Tuesday, February 14, 2012

Container Freight Vessel's Crew Honoured For Ferry Rescue

183 Souls Still Missing After Sinking
Shipping News Feature

PAPUA NEW GUINEA – The search continues for bodies twelve days after the sinking of the Rabaul Queen which foundered in the region off the mainland. Reports say the ferry, which was heading for Lae, Papua New Guinea from Kimbe on New Britain Island was only about ten miles from its destination when she transmitted an SOS to Australian authorities which was answered by the Mitsui OSK Lines container vessel MOL Summer. The freight vessel was subsequently visited by Australian Senior Search and Rescue Officer Mr John Rice and three colleagues to thank Captain Gargov and his crew personally for their actions.

While at port in Brisbane, the Australian Maritime Safety Authority (AMSA) officers boarded the ship to present the Master and crew with a certificate of recognition for their on scene coordination and the rescue of survivors.

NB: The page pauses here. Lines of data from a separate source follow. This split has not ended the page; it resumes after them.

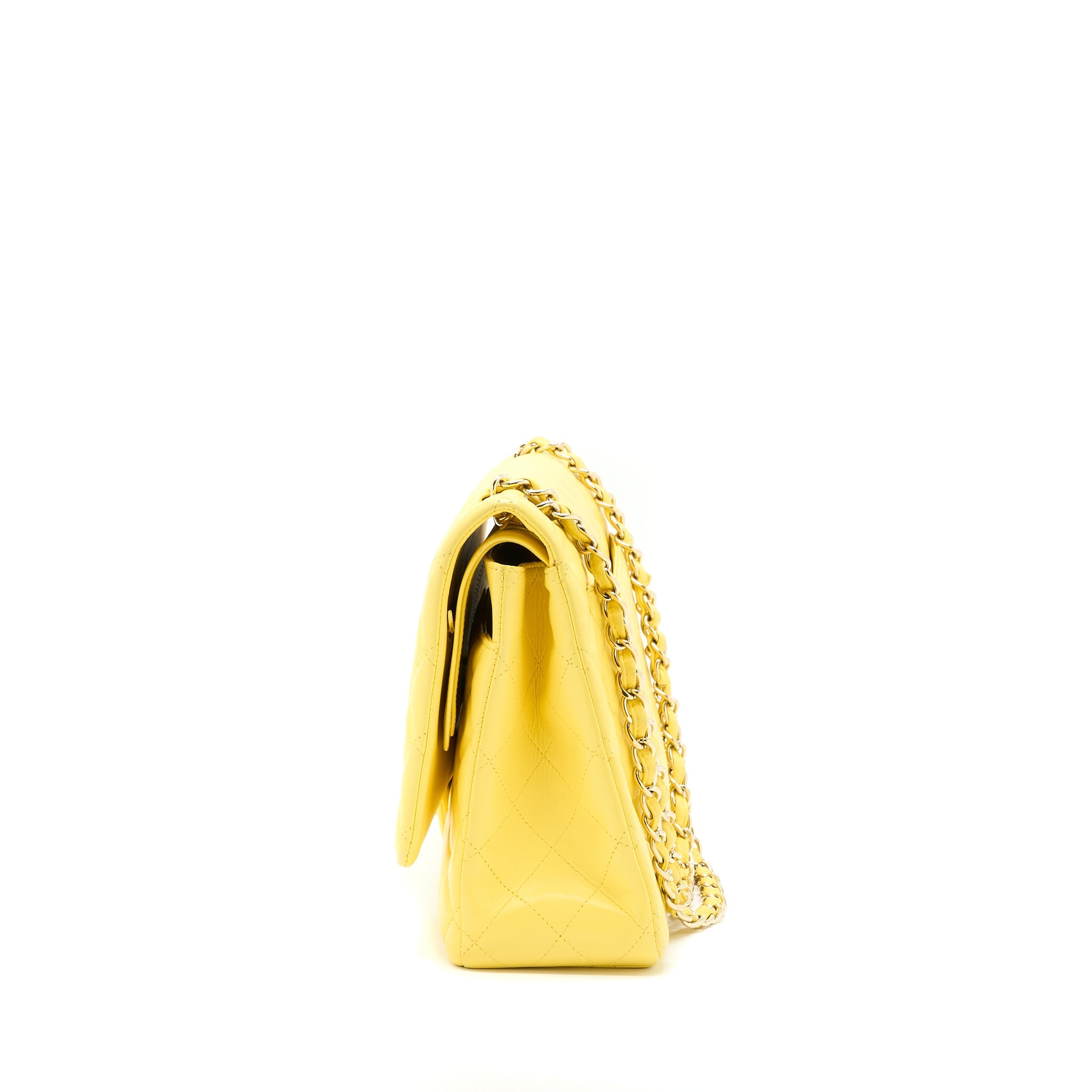 chanel-maxi-classic-double-flap-bag-lambskin-yellow-lghw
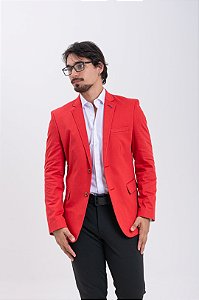 Blazer Masculino Sarja Premium Slim Fit com Elastano Vermelho Pataloo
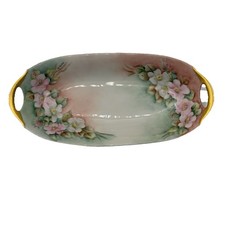 Bandeja de porcelana Moschendorf Baviera pintada à mão assinada por J. Miller floral dourada  comprar usado  Enviando para Brazil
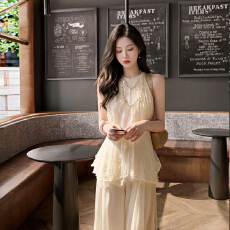 批发法式温柔风挂脖无袖背心半身裙套装女夏季洋气圆领松弛风女装套装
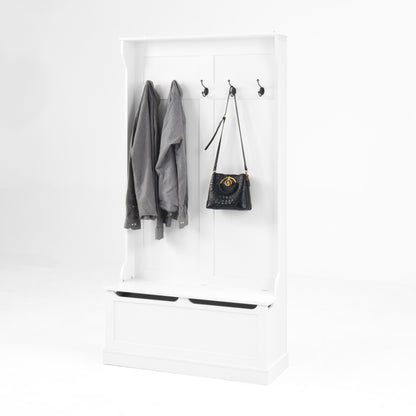 Modern White Hall Tree Bench, Entryway Shoe Storage, 5 Hooks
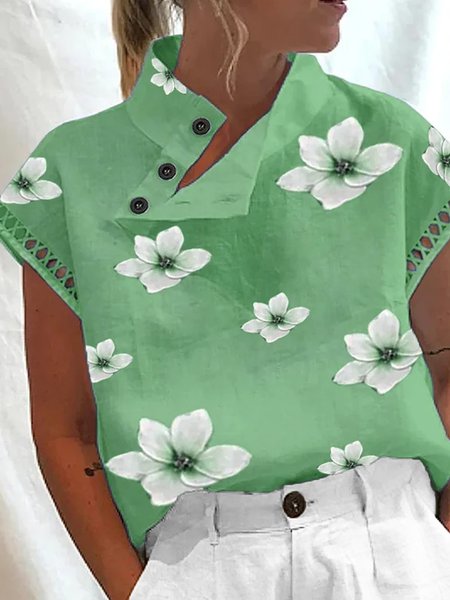 

Casual Asymmetrical Floral Printed Blouse, Green, Blouses
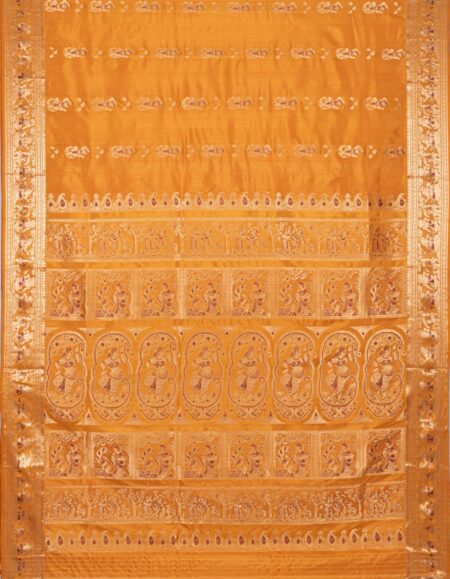 Baluchari Zari Meena Silk Saree Mustard Yellow - Image 4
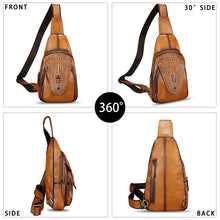 Load image into Gallery viewer, Genuine Leather Sling Bag Embossed Crocodile Pattern Leather Crossbody Sling Backpack Handmade Chest Purse Daypac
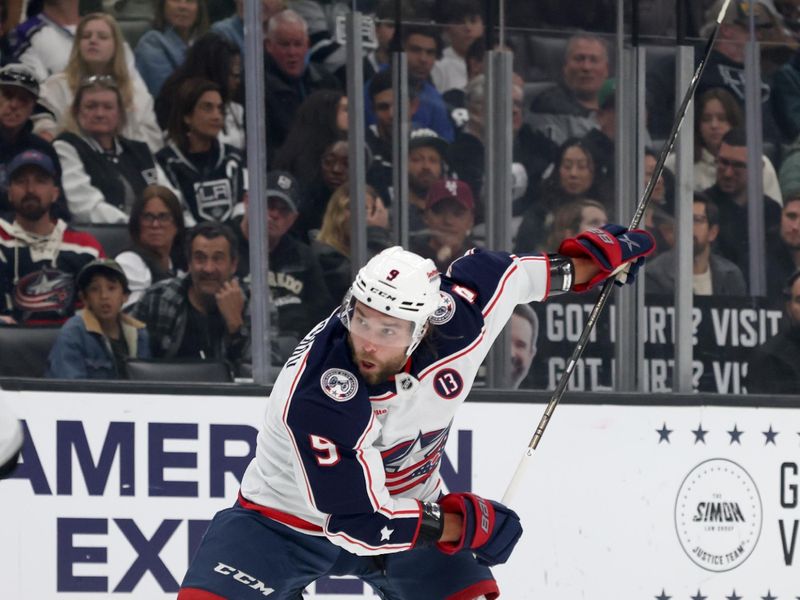 Nov 9, 2024; Los Angeles, California, USA; Columbus Blue Jackets defenseman Ivan Provorov (9) shoots during the first period against the Los Angeles Kings at Crypto.com Arena. Mandatory Credit: Jason Parkhurst-Imagn Images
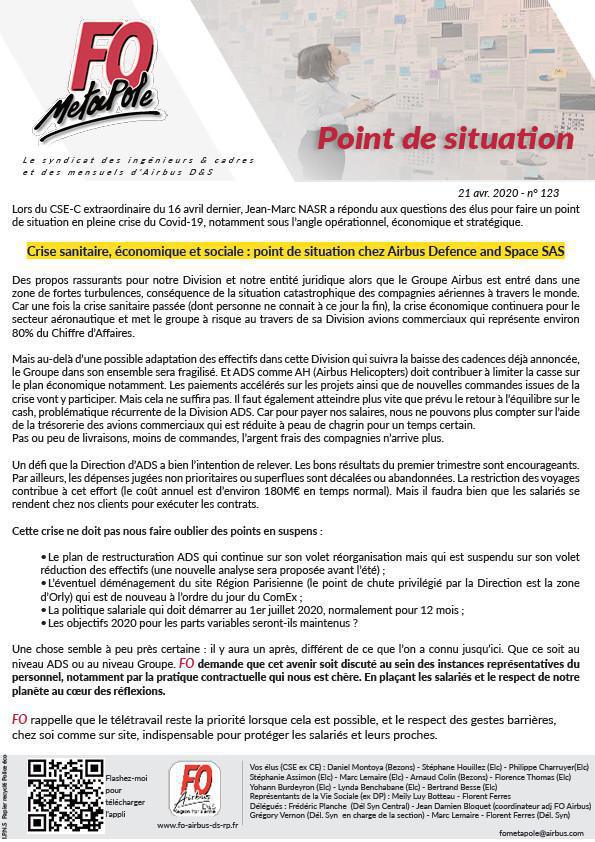 Point de situation Airbus DS Point de situation Airbus DS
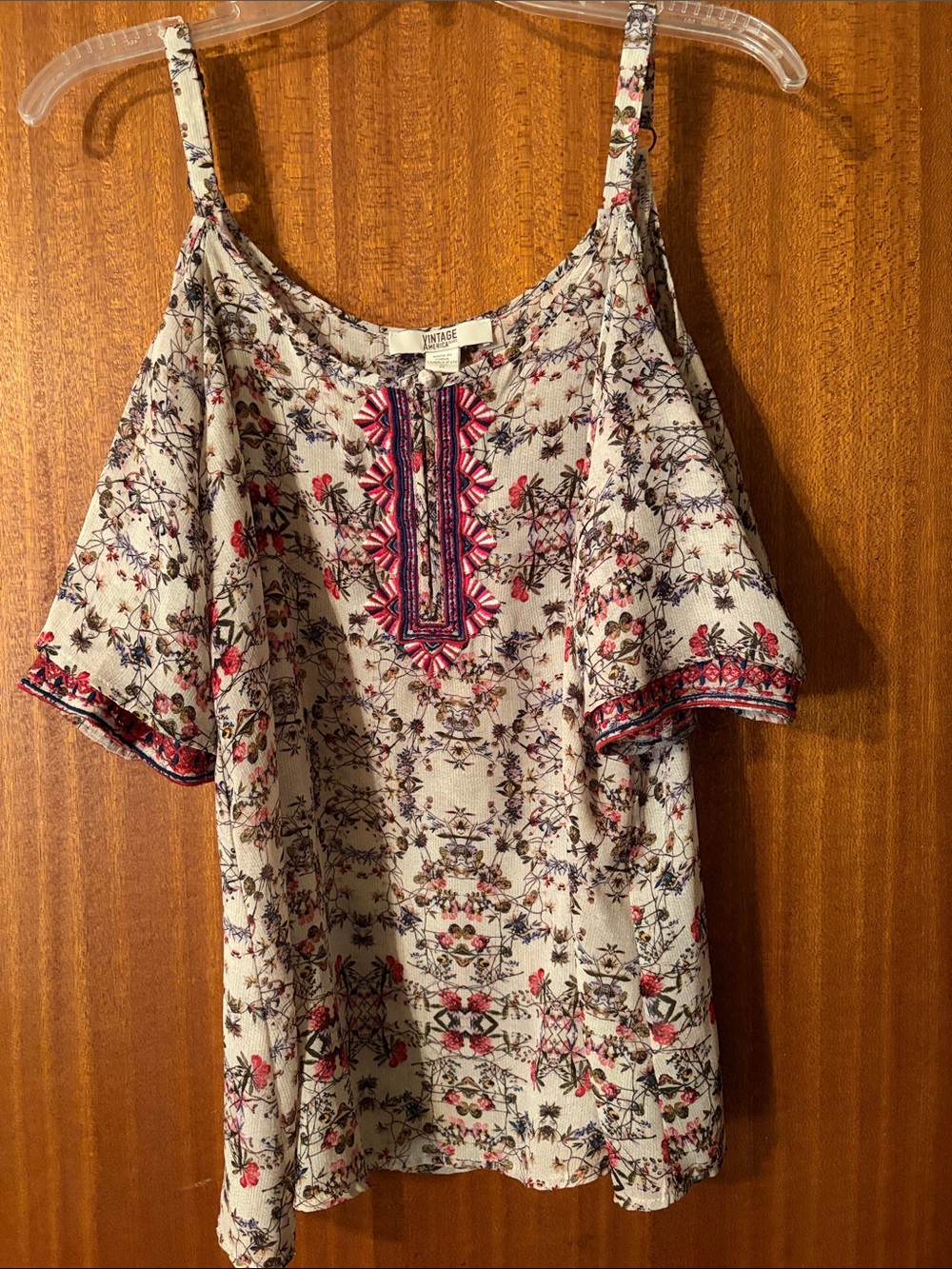 Floral Cream Cold-Shoulder Blouse with Pink Embroidered Placket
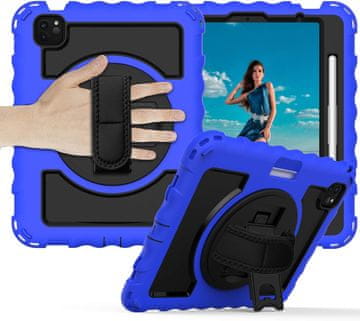 Nikcorp Zaštitna maska za iPad Air 4 10.9" s rotirajućim stalkom, držačem za ruku i naramenicom, plava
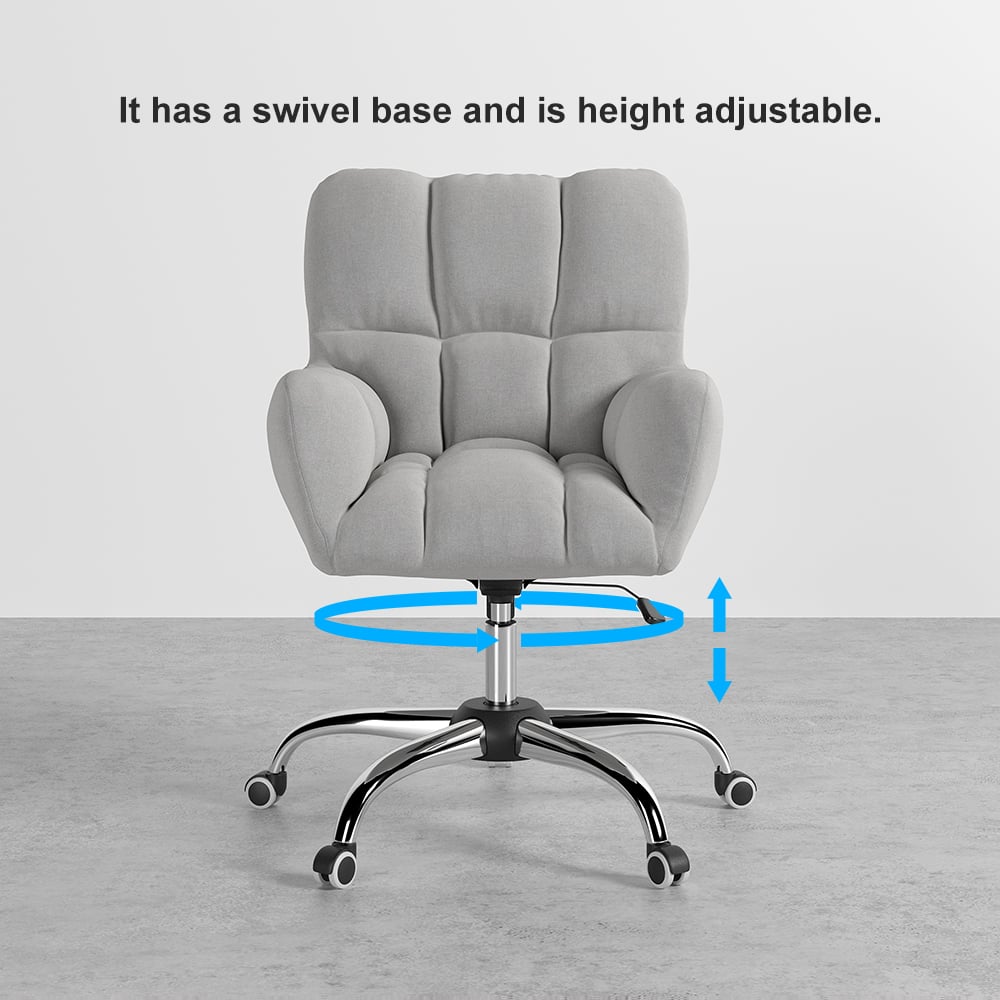 HMR - Modern Office Chair Upholstered Cotton Linen Swivel Task Chair Height Adjustable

AMSA's General Manager Emergency Response Division addressed the Master, officers and crew, noting the magnitude of their achievement, the expertise and energy they had brought on scene, and that AMSA had already briefed the International Maritime Organization (IMO) on the achievement that international shipping had made in the search and rescue operation.

The Japanese vessel, which had been under way from Hong Kong to Brisbane, coordinated the rescue as the seven other merchant ships raced to the scene. The MOL vessel managed to rescue 116 survivors and a total of 243 people were plucked from the ocean alive by the first five vessels which arrived. The latest total given by local authorities mean that 183 souls perished in the tragedy, including children as young as three months, but a final total is yet to be confirmed. Many students were reported as being aboard the stricken ferry when she foundered.

Local blogs are alive with critical reports of the shipowners, Rabaul Shipping, accusing the company of overloading, with three hundred allegedly being the maximum allowable passenger complement, and also of repeatedly ignoring safety considerations as outlined by the authorities. The Government has now said it will be instituting legislation to make the country’s seas and roads safer with Transport Minister Francis Awesa saying in Parliament today he intends to break the monopoly of four ferry operators in the region and to impose a ban on vessels and vehicles over five years old entering service in the island region adding that he believes all citizens are aware that the country is used as a ‘dumping ground’ for older unwanted stock.

Meanwhile there is no news of three of Rabaul Shipping’s other ships which were being detained whilst the cause of the accident was determined. A full investigation is to be carried out under the auspices of AMSA which received and acted on the original distress call.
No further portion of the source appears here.